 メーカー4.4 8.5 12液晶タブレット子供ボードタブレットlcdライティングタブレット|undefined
----
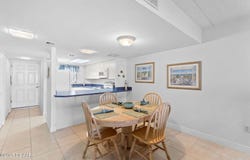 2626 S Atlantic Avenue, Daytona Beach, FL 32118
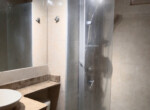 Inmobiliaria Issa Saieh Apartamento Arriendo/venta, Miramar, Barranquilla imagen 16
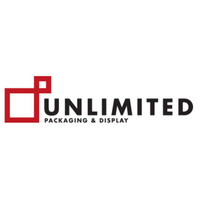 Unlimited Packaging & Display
----
=== Task objective ===
In the listing above, find the line containing "2626 S Atlantic" and the line containing "Unlimited Packaging & Display", then output those two lines and everything between them exactly as written, without the images.

=== Answer to the exercise ===
 2626 S Atlantic Avenue, Daytona Beach, FL 32118
 Inmobiliaria Issa Saieh Apartamento Arriendo/venta, Miramar, Barranquilla imagen 16
 Unlimited Packaging & Display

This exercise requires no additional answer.